We now will address rows with missing values. The best course of action to address missing values will vary from one context to another. The code below illustrates two common alternatives: (1) imputing missing values with some new value (e.g., the mean) and (2) dropping observations with missing values. For simplicity, we will stick to the version of the training data in which the observations with missing values were dropped.

In [None]:
print("Number of passengers with missing values for each column:")
print(df2.isna().sum(axis=0))

##### OPTION 1: Imputing missing values with the mean
df3 = df2.copy()
# This replaces the missing values in Age with its average.
df3.Age = df2.Age.fillna(df2.Age.mean())
# This replaces the missing values in Embarked with its mode.
df3.Embarked = df2.Age.fillna(df2.Embarked.mode()[0])
print(f"Observations and columns in the original data set: {df2.shape}")
print(f"Observations and columns in the new data set: {df3.shape}")
print(df3.isna().sum(axis=0))

##### OPTION 2: Dropping observations with missing values
# Drop observations with missing values
df3 = df2.dropna()
print(f"Observations and columns in the original data set: {df2.shape}")
print(f"Observations and columns in the new data set: {df3.shape}")
print(df3.isna().sum(axis=0))

## Data Preparation: Categorical Variables

Next, we will do some data pre-processing and transform the existing columns into variables that can be processed by data mining algorithms.

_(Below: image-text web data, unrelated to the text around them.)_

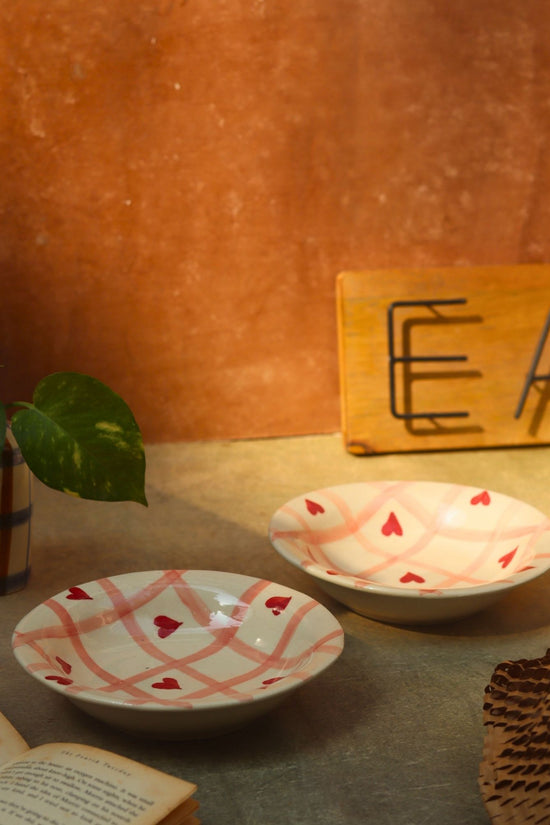 Chequered Heart Pasta Plate with premium quality maerial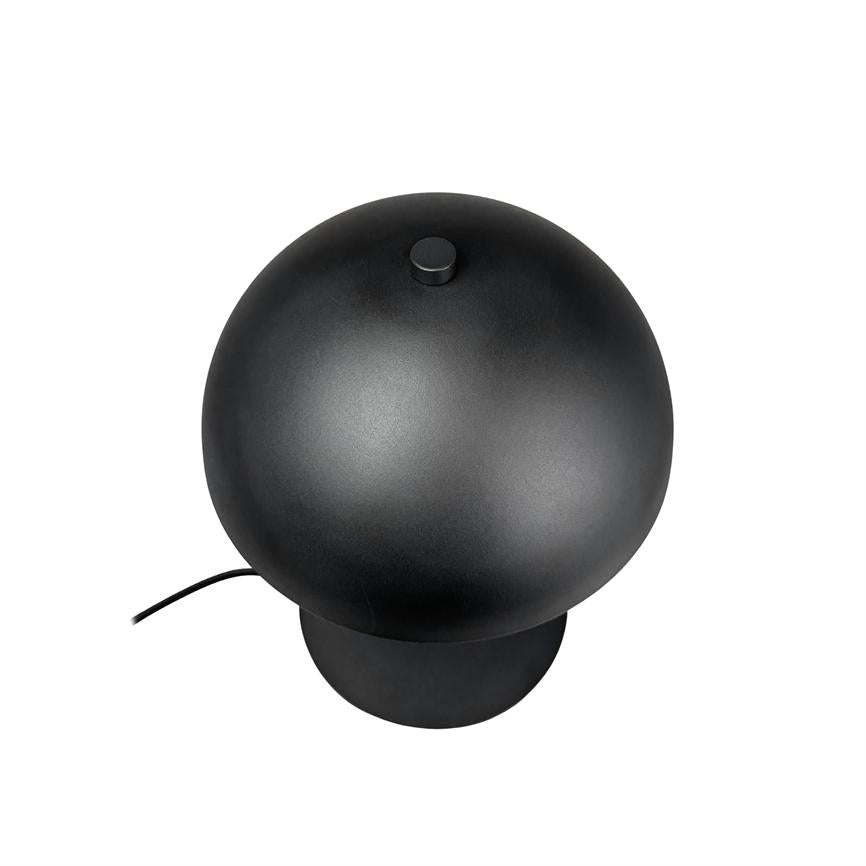 Sort, kugleformet bordlampe hviler på en kort cylindrisk fod; en lille trykknap øverst og et synligt strømkabel stikker ud mod venstre på hvid baggrund.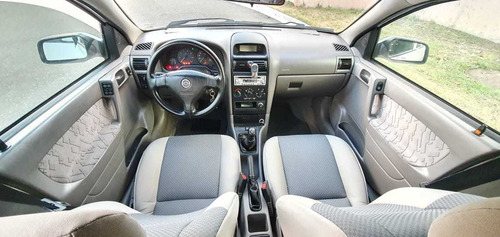 Chevrolet Astra Deportivo, Extras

More specifically, we will transform categorical variables (variables that represent categories rather than numeric quantities) into dummy variables. Each dummy variable can only take the value 1 or 0 to indicate whether the individual belongs or not to a certain category. 

In [None]:
# The function "get_dummies" creates dummy variables for the listed variables
df4 = pd.get_dummies(df3, columns=['Pclass', 'Sex', 'Embarked'])
df4.head()

When creating dummy variables, it's also common to drop one of the categories because you only need K-1 binary columns to represent a categorical variable with K categories. You can do that with the `get_dummies` function introduced above by setting the `drop_first` parameter to `TRUE`.

In [None]:
# The function "get_dummies" creates dummy variables for the listed variables
df4 = pd.get_dummies(df3, columns=['Pclass', 'Sex', 'Embarked'], drop_first=True)
df4.head()

Finally, we need to split the data into the variable we want to predict (also known as the target or dependent variable), and the data we want to use to predict (also known as the features or the independent variables).

In [None]:
# Name of all the target variable
target_variable = 'Survived'
# Name of all the columns in df4
all_columns = df4.columns.values
# Keep the name of all the columns that are not the target variable
features = all_columns[all_columns != target_variable]
# Select the data for the features
X = df4[features]
# Select the data for the target variable
y = df4[target_variable]
print(X.head())
print(y.head())

## Modeling: Decision Tree

Finally, here's a simple example of how to ***build*** and visualize a decision-tree model (which is a specific type of machine learning model). 

In [None]:
# This imports the library that contains the code to build a decision tree
from sklearn.tree import DecisionTreeClassifier
# This imports the function to visualize the tree
from sklearn.tree import plot_tree
# This imports a general library for visualization
import matplotlib.pyplot as plt

# Define the paramaters for building the model (e.g., max depth of 3)
tree_model = DecisionTreeClassifier(max_depth=3)
# Build a decision tree model based on historical data of whom survived the Titanic
tree_model = tree_model.fit(X, y)
# Set size of tree figure to be displayed
plt.figure(figsize=(22,10))
# Visualize the decision tree
t = plot_tree(tree_model, fontsize=16, feature_names=features, filled=True,
              impurity=False, class_names=["Dead!", "Alive!"])
# The visualization can be interpreted as follows:
# - If the condition at the top is true, move left. Otherwise, move right.
# - 'samples': Total number of individuals.
# - 'value': Number of people that died (left) and survived (right).
# - 'class': Predicted outcome for people at that node.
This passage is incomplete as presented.